Henry Peach Robinson
[Photographer, b. 1830, Ludlow, Shropshire, England, d. 1901, Tunbridge Wells, Kent, England.]

 Men usually see little of what is before their eyes unless they are trained to use them in a special manner. (1867) 

Paul Theroux
[Writer, b. 1941, Medford, Massachusetts, lives in Cape Cod, Massachusetts and Haleiwa, Hawaii.]

 The lust of the eye. The best photographs were, to me, like an experience of drowning. 

Robert Frank
[Photographer and filmmaker, b. 1924, Zürich, Switzerland, lives in Mabou, Cape Breton, Nova Scotia, Canada, and New York.]

 I have been frequently accused of deliberately twisting subject matter to my point of view. Above all, I know that life for a photographer cannot be a matter of indifference. Opinion often consists of a kind of criticism. But criticism can come out of love. It is important to see what is invisible to others—perhaps the look of hope or the look of sadness. Also it is always the instantaneous reaction to oneself that produces a photograph. 

Paul Valéry
[Writer and poet, b. 1871, Sète, France, d. 1945, Paris.]
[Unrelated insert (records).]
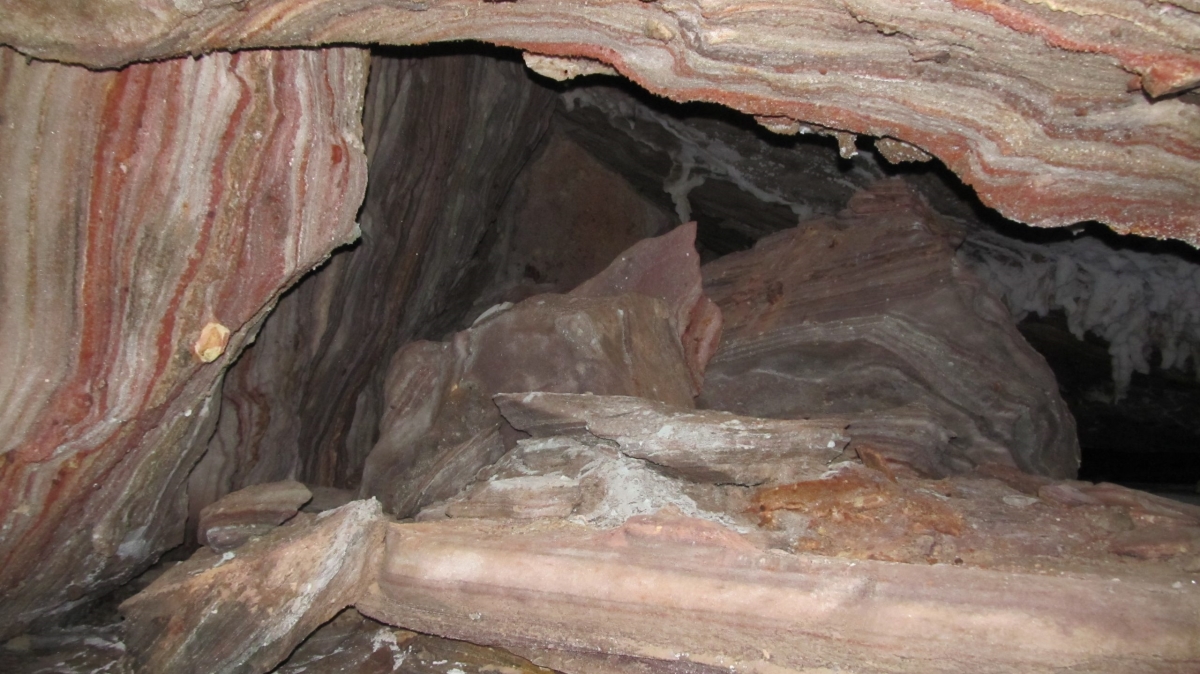 غار نمکدان قشم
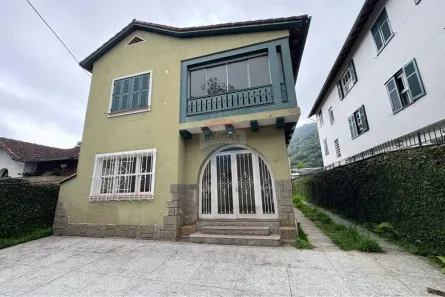 Casa com 4 Quartos para alugar, 296m² no Centro, Petrópolis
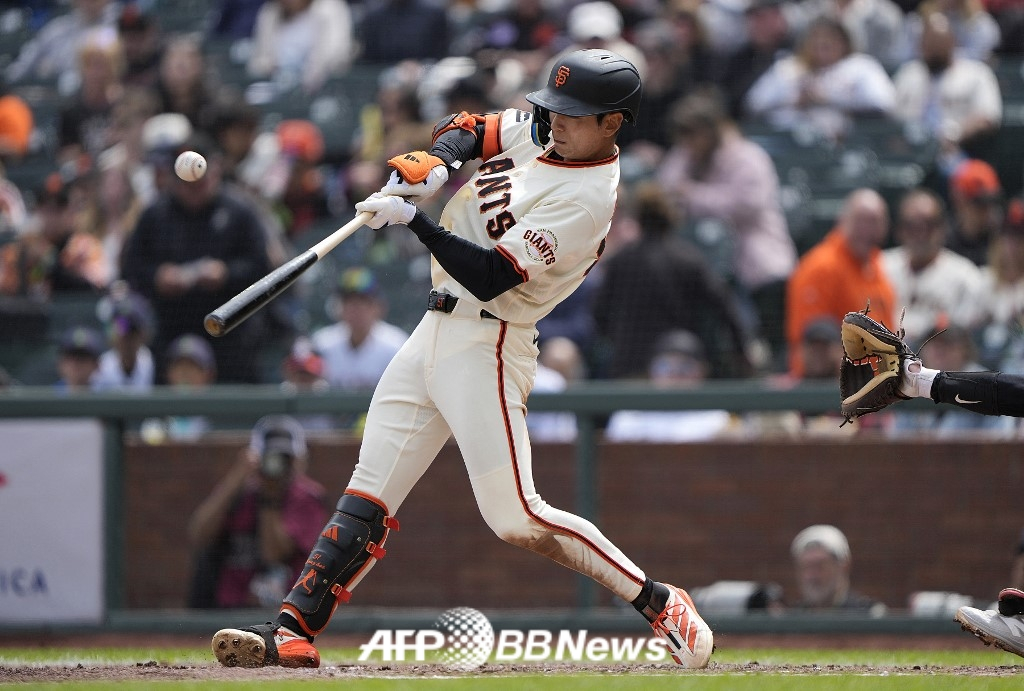 Cầu thủ sân ngoài Lee Jung-hoo của San Francisco Giants. /AFPBBNews = Tin tức 1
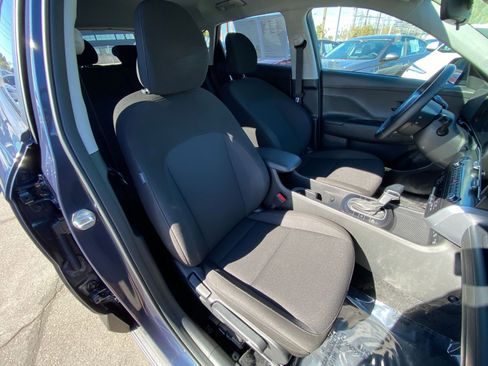 Used 2025 Hyundai Kona SEL image 36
 Thanks to photography, the eye grew accustomed to anticipate what it should see and to see it; and it learned not to see nonexistent things which, hitherto, it had seen so clearly. 

Minor White
[Photographer, writer, and theorist, b. 1908, Minneapolis, Minnesota, d. 1976, Cambridge, Massachusetts.]

 Because a man trains himself to see like a camera, it is only more appropriate that he uses a camera to record his seeing.